Top 10 properties in baseball, as determined by Baseball Prospectus. Interesting.
The past three days I've been neck-deep in baseball statistics, prognostications, and commentary, preparing for two rotisserie baseball drafts. Tuesday was round two of three of bidding in my sabermetric league, and soon as all the fast and furious bidding ended at 6pm I had to completely change my thought process for my rotisserie 5x5 league which was operating using a snaking straight draft. The players are valued differently in each instance, and the draft strategy is radically different because of the formats. Both are fun in their own ways--they're all just games which appeal to gamblers, stat-heads, numbers guys, and not least of all baseball fans. It's similar in appeal to playing the stock market, but more enjoyable because your financial future isn't in play. For those who think they know more about baseball than the next guy, it's a way to put a minor wad of money where your mouth is.
Preparing for all these drafts is mentally straining. The amount of information available is overwhelming, and absorbing it all can be maddening and also strangely enjoyable.

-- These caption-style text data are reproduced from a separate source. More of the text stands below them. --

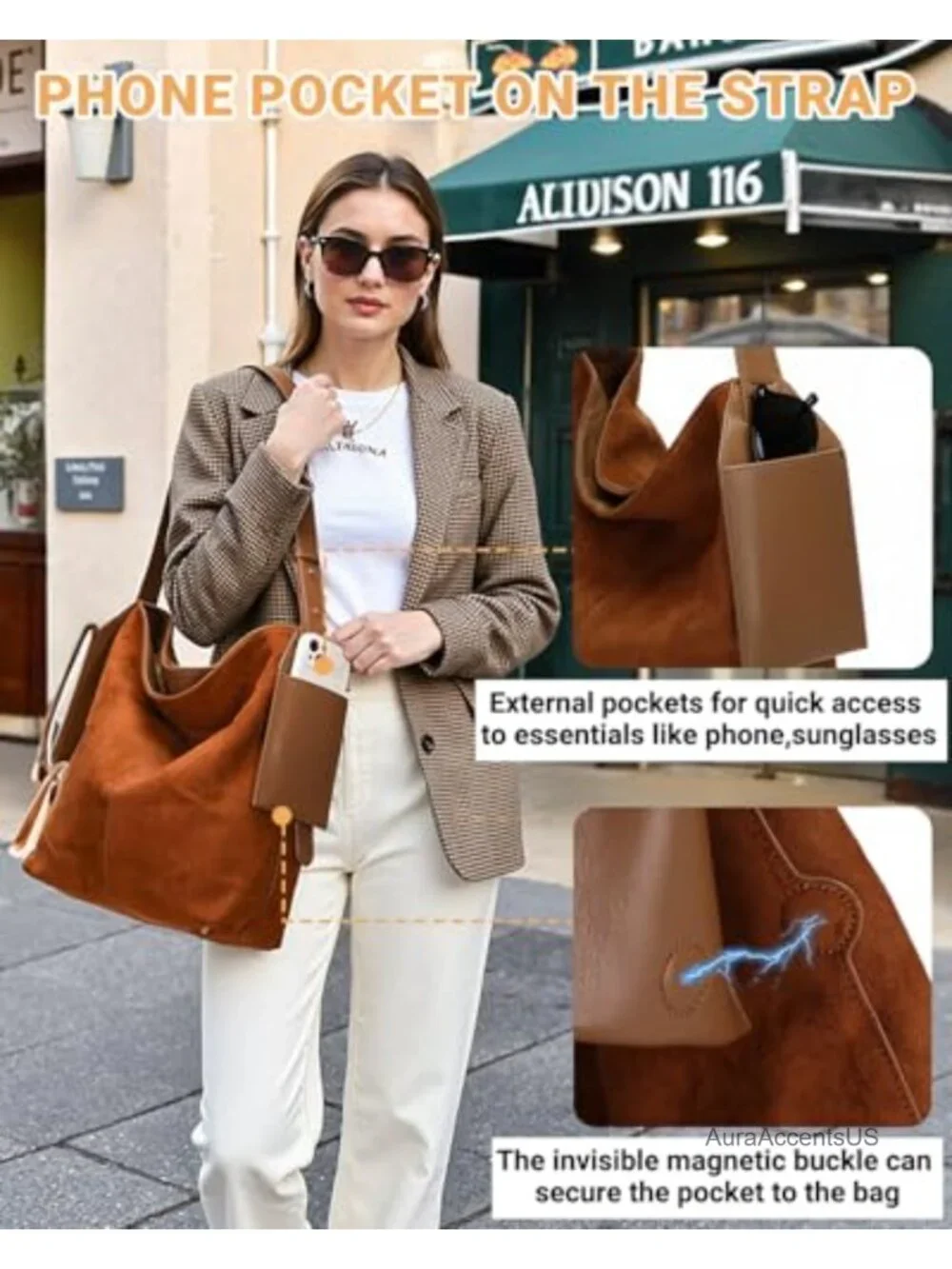 Soft Slouchy Suede Leather Hobo Shoulder Bag for Women, Faux Suede Vegan Leather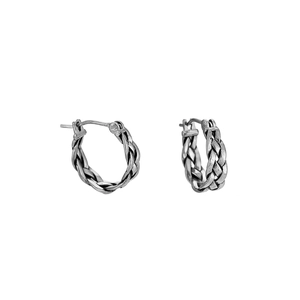 Boucles d'oreilles créoles tressées en acier titane au design vintage pour hommes et femmes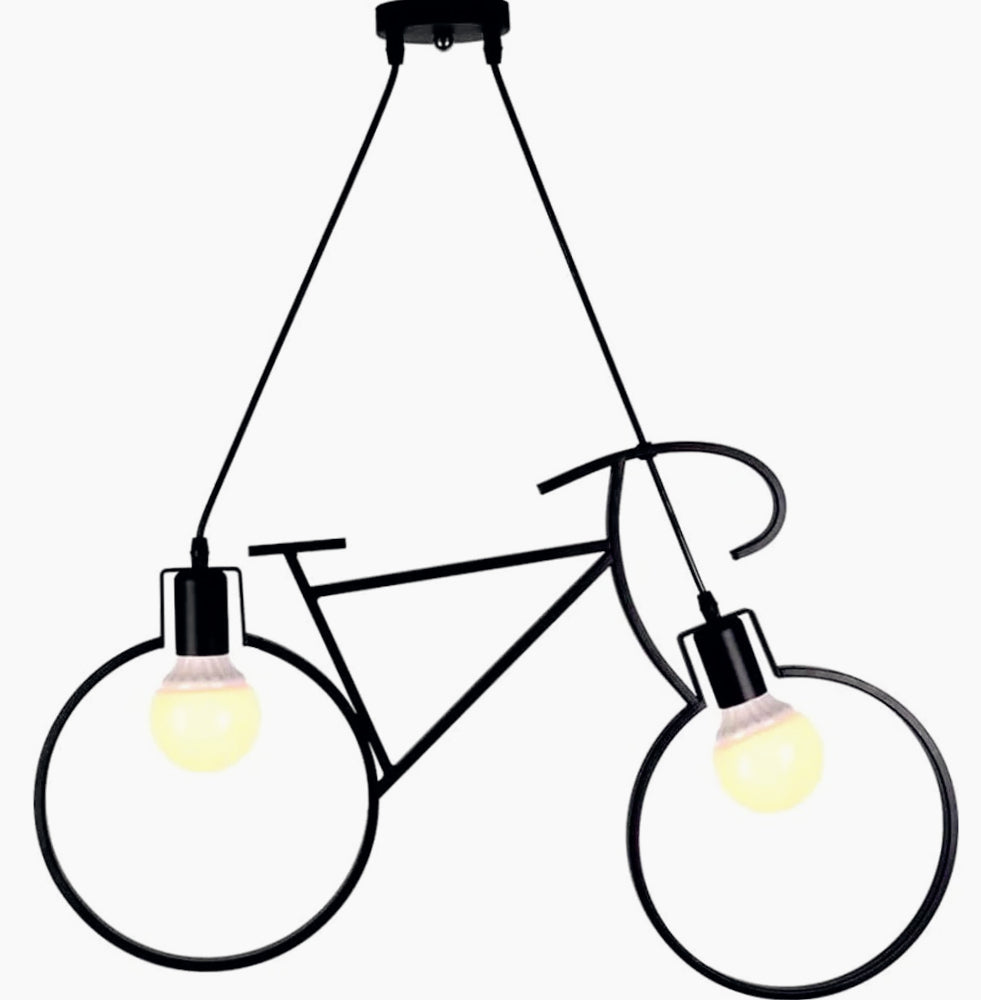 Lampadario a sospensione a forma di bicicletta – Da soffitto, 2 attacchi E27 - ambraled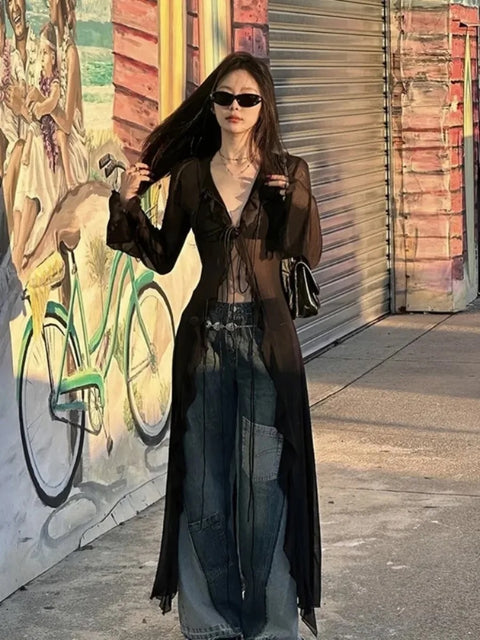 New Through Long Cardigan Slim V Neck Streetwear Sexy Top CODE: KAR3326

Every next tidbit of information catches your eye, and you hoard it all away in the hopes of having that one insight which none of your fellow owners have caught onto. Today was the last round of the sabermetric league, and I'm glad it's over. I'm too competitive to take things like this lightly and it's mentally taxing.
Of course, it helps when you think you'll win.
Decision markets

It's interesting to follow the decision markets in general, but especially in turbulent times like these. The financial page of the Mar. 24 issue of The New Yorker highlights sites like Newsfutures, Iowa Electronic Markets, Hollywood Stock Exchange, and Tradesports, sites which allow you to buy and sell derivatives on just about any outcome imaginable, from how much a movie will make in theaters (traders give Head of State the edge over Basic this weekend, despite the fact that Head of State is opening in hundreds fewer theaters) to whether or not the U.S. will catch Osama Bin Laden in 2003 (currently trades at 35% probability).
Interesting, and accurate. The Iowa Electronic Markets routinely beats national polls in predicting presidential elections. The principles is the same as that governing the efficient markets theory: decision markets channel the collective energy and resources of a group of people with intense knowledge of and interest in a particular area of interest. That's why it's so difficult to beat the stock market.
Of course, when everyone is so wrong about something, that's also worth examining. Look at IMDb's poll or Entertainment Weekly's issue on who would win Oscars and you realize how big an upset Adrien Brody and Roman Polanski pulled off.
How we came to war

Someday soon, a whole series of politicians and journalists will rush books to the market analyzing the leadup to this war with Iraq. Until then, here's one interesting account in this week's New Yorker. Among the intriguing points noted is the now self-evident realization that the United Nations is really only empowered when the great powers of the world are in agreement (by the way, how did France get a spot on the Security Council? is it the same reason old golfers still get to play in The Masters?).
And the somewhat sobering thought that the current administration could care less what protestors are saying in the streets. They've filtered it out like so much low-decibel noise.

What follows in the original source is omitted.